Derinin su kaybının yerine konması tedavinin anahtar basamağıdır. Cildin nemli tutulması egzama şiddetini düşürür, alevlenme sıklığını ve kaşıntıyı azaltır, steroidli krem ihtiyacını düşürür. Nemlendirme iki aşamalıdır. Birincisi cilde kaybettiği nemi nemlendiricilerle vermek, ikincisi bu nemi emoliyenlerle cilde hapsetmek. Kullanılan ürünler atopik cilt yapısına uygun olmalıdır. Ne parfüm, kimyasallar gibi tahriş edici maddeler içermelidir ne de fazla bitkisel ürünler içerip hassas ciltte duyarlanmaya sebep olmalıdır. Çocuk alerji uzmanınız size en uygun ürünü seçmede rehber olacaktır. Kullanılan kremlerde glisiretinik asit, üre, gliserol gibi içeriklerinin faydalı olduğu gösterilmiştir. Seramid içermesinin eksikliği yerine koymadaki gücü net olarak gösterilememiştir.
Düşük su içeriğine sahip koyu kıvamlı kremler veya sıfır su içeriğine sahip merhemler (örn. vazelin), nemlendirme sonrası nemi cilde hapsetmek için tercih edilir. Ancak bazı hastalar ve aileler için yoğun yağlı his rahatsız edici olabilir. Emoliyenler, losyonlar veya yağlar (örneğin aspir, ayçiçeği veya hindistancevizi) bu hastalar için bir alternatif olabilir. Kokulu kremlerden veya potansiyel olarak duyarlanma yapabilecek maddelerden (örneğin, ylang-ylang ve çay ağacı yağı gibi bitkilerden elde edilen esansiyel yağlar) kaçınılmalıdır. Kullanılan ürünlerin içeriklerini okumak önemlidir. Her ne kadar üzerinde “parfümsüz”, “hipoalerjik”, “katkısız” gibi etiketler gerçeği yansıtmayabilir.

Atopik dermatit hastalarının alacağı önlemler nelerdir?

  • Haftada 2-3 kez banyo yapılmalıdır. Banyo suyu sıcaklığının sıcak olmamasına özen gösterilmelidir. Banyo süresi 5-10 dakikadan uzun olmamalıdır. Banyo sonrası cilt tahriş edilmeden kurutulmalıdır. Havluyu sürtmeden sadece cilde dokundurup çekme şeklinde yapılmalıdır. Hemen sonrasında size önerilen nemlendirici bol miktarda uygulanmalıdır.
  • Tırnaklar kısa, düz ve temiz tutulmalıdır.
  • Kaşıntı başladığında nemlendirici uygulanmalıdır. Aşırı sıcak veya nem, alerji, aşırı duygusal durumlar ve stres kaşıntı ve döküntüyü artırabilir.
  • Tahriş edici maddelerden (kimyasallar, çözücüler, sabun, deterjan, güzel kokular, cilt bakım ürünleri, bazı kumaşlar ve sigara) kaçınılmalıdır.
  • Yeni satın alınan tüm elbiseleri giymeden önce yıkanmalıdır.

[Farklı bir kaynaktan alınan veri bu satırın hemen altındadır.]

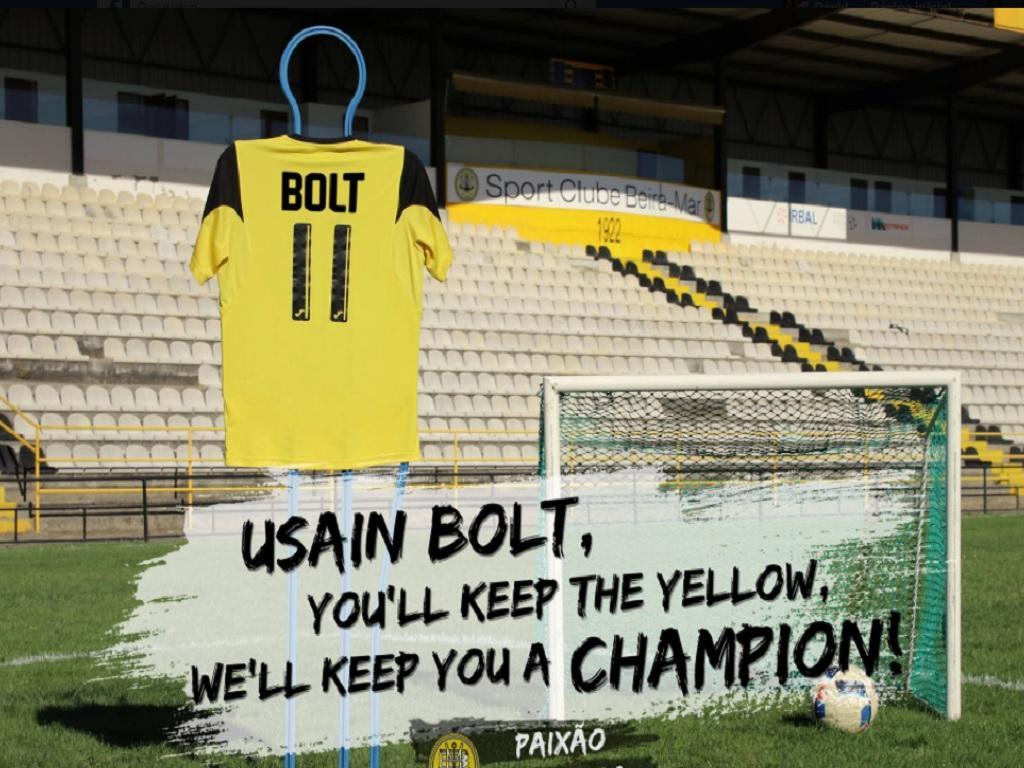 Usain Bolt (Facebook Beira-Mar)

  • Diğer kumaşlara nazaran daha az tahriş edici olan pamuk veya pamuk karışımlı elbiseler giyilmelidir. Dar ve sıkı kıyafetler tercih etmeyin. Giysilerin etiketleri kesilmelidir. Dikiş yerleri kaşıntı yapıyorsa, evdeyken giysileri tersyüz giyinin. Yün veya tahriş edici kumaşlardan sakının.

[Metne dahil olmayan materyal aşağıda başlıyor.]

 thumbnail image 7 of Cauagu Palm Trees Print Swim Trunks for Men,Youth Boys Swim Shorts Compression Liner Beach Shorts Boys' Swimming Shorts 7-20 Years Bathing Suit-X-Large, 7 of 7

  • Çamaşır deterjanı olarak kokusuz ve boyasız deterjanlar kullanın. Yıkadığınız çamaşırlara çift durulama yapın.
  • Güneş yanmalarından kaçının. Yüksek faktörlü koruyucu güneş kremi kullanın.
  • Aşırı sıcak ve aşırı nemden kaynaklanan terleme cildi tahriş edebilir. Düşük nem ciltten su kaybına yol açar. Bu durum kuruluğa ve cilt tahrişine yol açar. Yaşadığınız ortamı rahat bir sıcaklık ve nem düzeyinde tutun.
  • Kaşınan veya tahriş olan cilt daha kolay bir şekilde iltihaplanır.
  • Artan kızarıklık, iltihap dolu şişlikler veya sızıntı, uçuk gibi cilt enfeksiyonu belirtileri gelişirse mutlaka doktora başvurun.